I have had drum chippers throw stuff out and hit me when the feed rollers are held open by a bigger piece. Disk chippers are not near as bad to throw stuff out as the knives are always moving away from the opening.
We have a 400 hp,self propelled, whole tree chipper that the operater can raise the feed roller all the way up to make it easier to feed. Some times it will throw a big piece out the front with some scary velocity. 
Be carful about being exposed while the feed rollers are open.


----------



## TimberMcPherson (Aug 22, 2008)

Yo sup all

It wasnt a spit back off the blades, it was off the feed roller somehow, I think if you have played tiddlywinks you will have an idea how it went down, it has a gallotine type set up based only on weight. the thing never got near the blades, the chippers a 625LR Gravely disc chipper which I brought from Marky Mark, who went through 6 kinds of hell to get it send from New Jersey to New Zealand, something I am very grateful for. Its mounted on a 360 degree turntable which in my tight confined city works like cold beer on a hot day.

Heres a pic, with the stumpmaster grinder mounted on it (sack there as padding) Might look strange but being able to do a full job, fill the truck, grind the stump and be gone in one trip makes this work awesome for me.


----------



## Groundman One (Aug 22, 2008)

We have a 6" Vermeer 625B and if you feed in a piece of wood, maybe 3" or more with no branches at the end, it always spits back a golf ball sized piece straight back at me off the very end of the chipping action. Not that hard, but you still do not want it in the face. Also, it happens quite often that when you do feed in a a piece of wood, it grabs the wood very quickly and the end you are holding to feed it in goes smashing up against the roof of the chipper. Very easy to get a bent wrist or worse.

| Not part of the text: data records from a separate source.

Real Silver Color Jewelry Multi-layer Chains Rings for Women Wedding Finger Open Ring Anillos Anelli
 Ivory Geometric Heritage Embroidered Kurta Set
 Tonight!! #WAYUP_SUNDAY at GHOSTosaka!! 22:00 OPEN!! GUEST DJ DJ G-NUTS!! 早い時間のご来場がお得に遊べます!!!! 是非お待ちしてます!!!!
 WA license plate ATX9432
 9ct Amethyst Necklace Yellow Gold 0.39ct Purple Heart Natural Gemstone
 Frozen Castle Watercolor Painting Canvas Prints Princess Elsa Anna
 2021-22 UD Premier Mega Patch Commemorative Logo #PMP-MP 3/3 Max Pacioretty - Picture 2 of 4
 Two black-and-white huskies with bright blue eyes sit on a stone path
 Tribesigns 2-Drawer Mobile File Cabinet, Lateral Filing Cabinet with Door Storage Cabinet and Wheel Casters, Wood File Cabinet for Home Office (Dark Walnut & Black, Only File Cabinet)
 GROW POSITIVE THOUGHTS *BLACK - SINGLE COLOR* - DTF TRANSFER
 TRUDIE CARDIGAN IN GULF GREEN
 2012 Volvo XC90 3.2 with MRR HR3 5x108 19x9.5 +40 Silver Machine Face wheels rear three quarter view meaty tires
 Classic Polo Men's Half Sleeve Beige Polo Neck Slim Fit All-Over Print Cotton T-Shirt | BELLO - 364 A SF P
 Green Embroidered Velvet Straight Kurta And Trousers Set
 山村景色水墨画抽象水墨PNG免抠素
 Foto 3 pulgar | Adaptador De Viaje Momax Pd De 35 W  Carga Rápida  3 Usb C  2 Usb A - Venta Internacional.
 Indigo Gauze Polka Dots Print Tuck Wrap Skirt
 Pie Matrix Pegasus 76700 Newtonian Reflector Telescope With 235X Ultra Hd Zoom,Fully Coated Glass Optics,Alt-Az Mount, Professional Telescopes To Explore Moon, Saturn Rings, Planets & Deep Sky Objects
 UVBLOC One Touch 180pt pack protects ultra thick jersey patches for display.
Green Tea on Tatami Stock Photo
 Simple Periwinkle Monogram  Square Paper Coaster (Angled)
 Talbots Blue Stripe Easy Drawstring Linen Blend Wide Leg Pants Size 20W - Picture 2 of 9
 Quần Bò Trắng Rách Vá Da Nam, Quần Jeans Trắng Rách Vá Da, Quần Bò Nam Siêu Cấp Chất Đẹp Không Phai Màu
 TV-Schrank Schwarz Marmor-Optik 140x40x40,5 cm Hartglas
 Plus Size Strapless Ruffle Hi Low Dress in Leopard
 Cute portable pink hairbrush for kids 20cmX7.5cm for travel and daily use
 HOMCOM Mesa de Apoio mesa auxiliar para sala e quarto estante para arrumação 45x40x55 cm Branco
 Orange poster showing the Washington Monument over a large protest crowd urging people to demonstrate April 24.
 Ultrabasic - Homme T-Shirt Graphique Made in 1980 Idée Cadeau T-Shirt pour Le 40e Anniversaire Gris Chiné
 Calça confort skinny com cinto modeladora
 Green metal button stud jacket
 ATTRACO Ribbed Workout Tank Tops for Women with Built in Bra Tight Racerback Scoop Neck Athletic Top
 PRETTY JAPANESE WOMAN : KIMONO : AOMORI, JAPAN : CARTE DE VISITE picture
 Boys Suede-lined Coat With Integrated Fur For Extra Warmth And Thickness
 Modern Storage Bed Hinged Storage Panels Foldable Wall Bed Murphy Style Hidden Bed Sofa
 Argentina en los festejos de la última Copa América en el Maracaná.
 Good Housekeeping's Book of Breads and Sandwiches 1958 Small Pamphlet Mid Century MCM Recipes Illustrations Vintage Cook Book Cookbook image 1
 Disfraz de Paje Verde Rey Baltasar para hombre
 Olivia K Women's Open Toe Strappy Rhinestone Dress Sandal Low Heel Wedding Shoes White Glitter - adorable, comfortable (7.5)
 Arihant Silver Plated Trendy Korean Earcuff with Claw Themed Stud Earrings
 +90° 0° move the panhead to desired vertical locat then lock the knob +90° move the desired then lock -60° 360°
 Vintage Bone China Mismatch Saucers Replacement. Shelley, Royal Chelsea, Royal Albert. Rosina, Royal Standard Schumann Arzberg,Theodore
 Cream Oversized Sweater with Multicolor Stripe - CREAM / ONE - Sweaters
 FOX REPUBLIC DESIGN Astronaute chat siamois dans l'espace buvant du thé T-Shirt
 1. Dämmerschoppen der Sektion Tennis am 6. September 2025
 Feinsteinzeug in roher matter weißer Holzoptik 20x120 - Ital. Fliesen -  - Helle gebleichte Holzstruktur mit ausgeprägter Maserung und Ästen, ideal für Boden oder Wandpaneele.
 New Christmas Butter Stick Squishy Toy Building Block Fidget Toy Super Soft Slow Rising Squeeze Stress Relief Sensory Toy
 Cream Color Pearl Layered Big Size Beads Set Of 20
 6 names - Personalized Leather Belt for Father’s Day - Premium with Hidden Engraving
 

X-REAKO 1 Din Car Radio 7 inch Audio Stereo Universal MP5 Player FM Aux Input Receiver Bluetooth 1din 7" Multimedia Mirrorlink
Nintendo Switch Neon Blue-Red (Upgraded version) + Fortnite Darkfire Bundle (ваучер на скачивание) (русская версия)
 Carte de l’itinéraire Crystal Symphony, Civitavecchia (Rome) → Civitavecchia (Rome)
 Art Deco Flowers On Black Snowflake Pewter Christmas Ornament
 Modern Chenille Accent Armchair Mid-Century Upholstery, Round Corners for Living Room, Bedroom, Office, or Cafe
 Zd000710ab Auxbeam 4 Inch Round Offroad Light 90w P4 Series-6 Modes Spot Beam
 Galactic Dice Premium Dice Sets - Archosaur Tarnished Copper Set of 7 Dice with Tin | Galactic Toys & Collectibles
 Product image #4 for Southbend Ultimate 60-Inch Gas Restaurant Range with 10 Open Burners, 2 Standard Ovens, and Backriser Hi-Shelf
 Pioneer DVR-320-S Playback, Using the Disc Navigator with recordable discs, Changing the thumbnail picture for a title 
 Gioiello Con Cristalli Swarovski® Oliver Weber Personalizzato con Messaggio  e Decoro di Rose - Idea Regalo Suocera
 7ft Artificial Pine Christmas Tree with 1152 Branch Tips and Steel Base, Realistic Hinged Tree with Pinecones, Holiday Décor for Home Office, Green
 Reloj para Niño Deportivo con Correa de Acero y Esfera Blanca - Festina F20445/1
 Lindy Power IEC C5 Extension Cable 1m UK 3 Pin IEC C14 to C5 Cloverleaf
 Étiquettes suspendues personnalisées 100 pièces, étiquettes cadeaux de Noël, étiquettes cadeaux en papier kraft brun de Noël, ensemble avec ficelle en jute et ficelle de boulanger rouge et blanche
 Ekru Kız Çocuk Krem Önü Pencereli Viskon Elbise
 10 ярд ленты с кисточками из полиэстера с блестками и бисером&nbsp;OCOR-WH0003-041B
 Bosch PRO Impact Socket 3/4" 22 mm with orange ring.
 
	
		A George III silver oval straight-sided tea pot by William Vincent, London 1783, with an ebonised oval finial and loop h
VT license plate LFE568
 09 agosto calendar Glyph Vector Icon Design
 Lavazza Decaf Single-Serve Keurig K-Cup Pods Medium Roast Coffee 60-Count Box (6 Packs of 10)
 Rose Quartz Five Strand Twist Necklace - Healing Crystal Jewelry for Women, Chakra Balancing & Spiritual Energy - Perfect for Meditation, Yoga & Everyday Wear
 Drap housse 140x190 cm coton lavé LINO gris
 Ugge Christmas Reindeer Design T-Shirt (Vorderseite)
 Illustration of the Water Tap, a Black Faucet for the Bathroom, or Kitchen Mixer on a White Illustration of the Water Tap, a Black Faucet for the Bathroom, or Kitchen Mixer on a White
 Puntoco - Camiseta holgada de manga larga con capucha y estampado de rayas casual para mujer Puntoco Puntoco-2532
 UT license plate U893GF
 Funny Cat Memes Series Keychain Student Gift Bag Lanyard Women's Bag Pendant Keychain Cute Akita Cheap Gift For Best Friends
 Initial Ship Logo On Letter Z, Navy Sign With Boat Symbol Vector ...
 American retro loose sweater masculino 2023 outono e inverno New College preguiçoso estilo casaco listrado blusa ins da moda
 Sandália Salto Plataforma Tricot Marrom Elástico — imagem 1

Something to get used to.

I always wear glasses and a hard hat and two levels of ear protection, plugs and muffs. Makes it bearable noise wise. The climber I work with every day feeds the chipper with no safety glasses on. So does our second climber when he is with us. Technically they outrank me so they do what they want. It just amazes me how stupid some people can be. I have years on chippers and I would have been blinded and-or knocked senseless countless times if I did not have glasses and a hardhat. 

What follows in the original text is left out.